Tomb Raider

In Episode 02 (coming soon) of our podcast, we spend time at the end discussing narratives in video games, and I mention my recent foray into Tomb Raider: Definitive Edition on PS4, which, without any interpretive lens interrupting the gameplay itself, is an absolute joy to play. It’s a remarkable production, replete with surprisingly rich tension and uncommonly fluid pacing. Simply put, I ripped through it. The game urges you through its world, but it does a good job of making you care about the characters, or at least Lara, along the way. Everyone else is relatively forgettable, experiencing minimal growth and serving as plot devices for Lara’s arc. But this is where the game should be commended, especially given the history of Lara Croft’s character.



I’m hardly in a position to track the actual history of her character, since this is the first Tomb Raider game I’ve played, but I am all too familiar with her initial primary strength: sexuality. But to be truthful, her sexuality was most associated with her boobs, which were absurdly large, round balloons that pandered to the worst common denominator of the series’ stereotypically imagined male adolescent audience. Video games developers have long struggled to break free from their worst assumptions about this demographic, and if you look at the video game world economically, this makes sense. These should-be abhorrent decisions are justified by profit margins, though to be fair, when you do one thing and experience success, that doesn’t preclude the possibility that alternative paths could yield equal (or even greater) success. Denying female characters autonomy and depth and a central role in stories (and so following the societal/cultural trend) is not why games sell. Hopefully, moving forward, it’s why games won’t sell (GamerGate didn’t leave too many people optimistic on this front).

This version of Tomb Raider, though developed by a mostly male crew, did promise a brighter future for female characters (and female gamers as well). Although still very much sexualized (in the sense that Lara fits, virtually, our culture’s standards for beauty), she is no confined princess, unable to fend for herself. Indeed, as the game’s motto suggests, in this story, a survivor is born. Out of the tomb, out of her father’s shadow, out of all patriarchy’s shadow, Lara is born. At the game’s start, she’s a relatively confident cartographer and researcher, but once the conditions become extreme enough, it’s clear that she’s not ready for the challenge. Lara is like the audience, trained to expect some male figure to save the day. She’s constantly crying and desperately seeking salvation from any external source; she never pauses to think with much faith that she could save herself (as well as her shipmates).

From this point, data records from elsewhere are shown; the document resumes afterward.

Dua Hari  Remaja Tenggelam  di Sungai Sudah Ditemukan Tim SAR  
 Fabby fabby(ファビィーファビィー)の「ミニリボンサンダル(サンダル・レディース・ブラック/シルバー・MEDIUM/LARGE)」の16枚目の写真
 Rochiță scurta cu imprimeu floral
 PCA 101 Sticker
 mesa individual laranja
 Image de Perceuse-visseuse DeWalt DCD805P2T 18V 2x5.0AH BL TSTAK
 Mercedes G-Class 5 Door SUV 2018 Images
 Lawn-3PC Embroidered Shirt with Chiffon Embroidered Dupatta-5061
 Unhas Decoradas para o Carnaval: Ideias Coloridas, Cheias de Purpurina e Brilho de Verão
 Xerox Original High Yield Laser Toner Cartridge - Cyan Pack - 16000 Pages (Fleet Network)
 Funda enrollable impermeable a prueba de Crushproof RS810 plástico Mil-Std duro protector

She starts small, urging herself through turmoil by saying, “I can do this.” The supporting cast serves the same role. The entire game is about ushering Lara into her own profound power. And it’s certainly interesting that the main sacrifices toward this power are white males. The game ends with an impressively diverse crew of survivors, all of them normally marked in the margins by gender or race (three girls live, two of them not white, and one male, not white). Their victory is a call to all gamers to not let such barriers diminish what you can do if you trust yourself; Lara is careful to distinguish trust from faith, as the game does delve into pretty wild mythology.

Lara not only overcomes a very real mythology on the mysterious island on which she and her crew are shipwrecked, she triumphs over the mythology pervading her sense of self, specifically regarding the artificially constructed limitations of her gender. If the audience is savvy enough, or reflective in any sense, and not the depraved neanderthals the media would lead us to believe about video gamers, then this game is a beacon of hope. Yes, it has lingering issues, but it’s refreshing to see the industry make meaningful moves toward more favorable representation for all. Although it’s impossible for the audience to fully identify with Lara, the fact that she is a female and takes care of herself, saves the day, and does it in a bad-ass-but-compassionate way…it opens a door of possibility that has been forcefully locked for a long time. Ellie in The Last of Us, which I also spoke about in Episode 02, is another recent example of progress.

Anyway, I could go in with this for quite a long time, but I’ll conclude with this: the Lara in this game ends up being cooler than Indiana Jones. That’s right, Dr. Jones, I’m checking your privilege at the door, and I’m privileging Lara’s earned awesomeness.